I will do a small demo on Wet sanding. Wet flatting is really raising the bar in car detailing. What I can demonstrate is the myth of excessive paint removal. We remove less paint with this method than heavy compounding to remove swirls, plus we remove the dreaded orange peel as well. Is a double bonus.

* Price per person will be £60 and includes coffee/tea and bacon sausage, and black pud butties for lunch (Black pud is optional) If you are vegeterian let me know and I will prepare salad butties for lunch.*

There is a Mc Donalds 2 minutes away if you are wanting to get something on the way in.

*Looking at the agenda;*
Usual presentation on different machines and polishes/pads and techniques. We will be using machines froom the basic Kestral, Megs Pro version, rotary and the Rupes rotary and big foot.

The day will be at Shinearama's premises in Altrincham, so plenty of safe parking available.

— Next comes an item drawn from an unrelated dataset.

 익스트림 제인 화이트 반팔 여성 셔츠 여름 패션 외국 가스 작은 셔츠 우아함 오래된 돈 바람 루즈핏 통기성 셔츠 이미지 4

Plus the shop will be open throughout the day.

The success of these courses; we have had people coming over 350 miles to attend!!!!

However guys, the choice is always yours and if you want to address specific issues we will address them on the day.

Same procedures as usual. £20 deposit to confirm booking sent to *[email protected] *via pay pal as a gift, then full payment on the day or via pal pay.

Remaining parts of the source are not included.